Source : JMO du 132ème RI - 31 octobre 1918 |
Ma chère Maman
Rassure-toi à mon sujet. Nous sommes relevés cette nuit et si rien de serieux n’arrive d’ici demain nous gagnerons bientôt une zone où l’on entend plus ni arrivée, ni depart, pour quelque temps au moins je l’espère.
Hier nous avons eu la peine de perdre [Charles] Galais, l’officier du canon de 37 qui était un excellent camarade. (Le successeur de Soula). Il faisait partie de notre petit groupe de l’Etat Major du régiment et l’on ressent toujours davantage la perte de ceux avec qui on a pris l’habitude de vivre.
J’ai herité de son ordonnance, car Ouvier vient d’être evacué pour la grippe. Au front c’est une maladie plus rare et surtout plus benigne qu’à l’arrière, où l’épidemie prend vraiment des proportions impressionnantes.
Je viens de recevoir ta lettre du 27. Je vois d’ici comme les journées de solitude et de deuil sont lugubres. Nous aussi nous sommes tristes, malgré la relève ; c’est parceque nous venons de perdre un bon copain, parce que les pertes du regiment n’ont pas été compensées comme les deux dernières fois par des succès marqués. La resistance boche devient de plus en plus forte. Et puis ces deuils de l’arrière si répétés, si dechirants qui s’ajoutent à la mort des soldats !
Cette épreuve de [Daniel] Loux qui s’ajoute à tant d’autres est terrible.

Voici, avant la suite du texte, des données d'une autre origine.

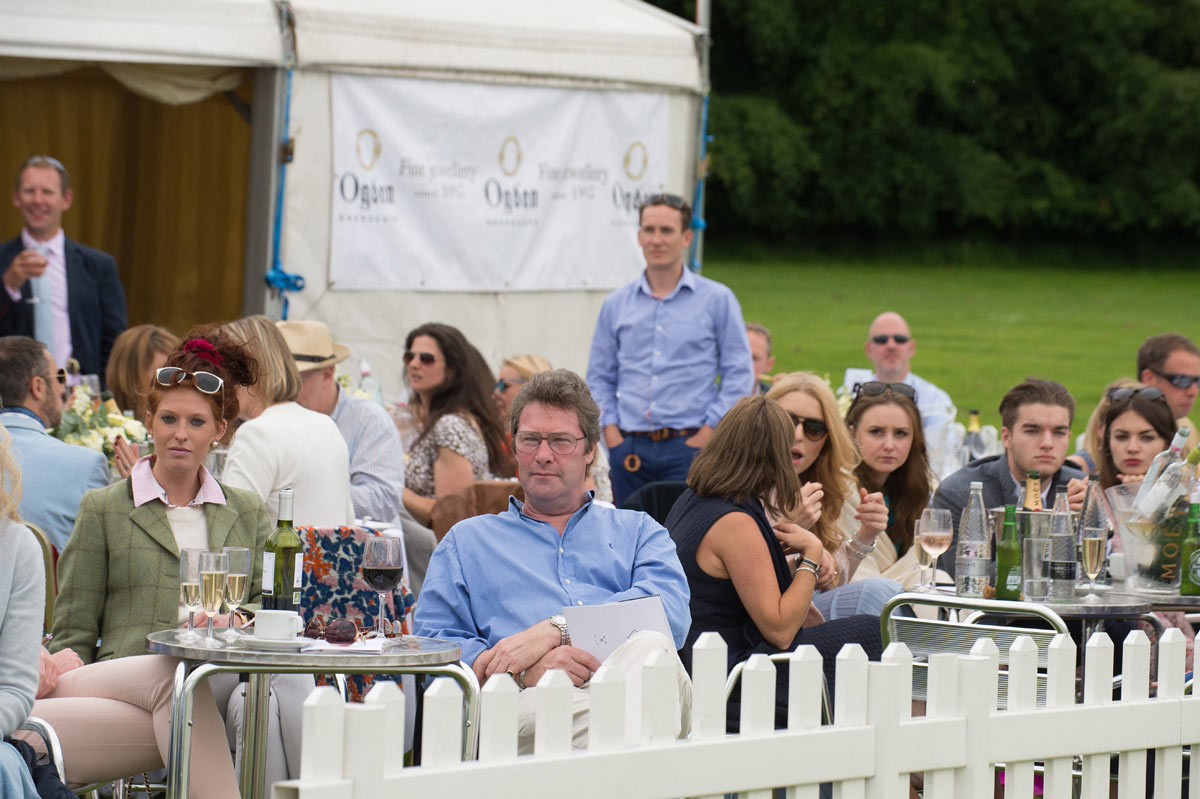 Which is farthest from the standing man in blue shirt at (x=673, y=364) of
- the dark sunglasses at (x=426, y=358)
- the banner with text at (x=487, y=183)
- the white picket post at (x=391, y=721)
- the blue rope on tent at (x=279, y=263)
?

Je ne connaissais pas sa sœur, mais j’ai été troublé et peiné comme par un deuil personnel. Et cette pauvre tante Fanny. Je t’assure que je pense bien à elle.
La victoire viendra belle et complète comme nous l’avions révée, mais la joie de la victoire et de la paix sera bien mélée.
[Charles] Grébert, que tu as connu au lazaret a été tué le 24 septembre. Encore une perte bien douloureuse.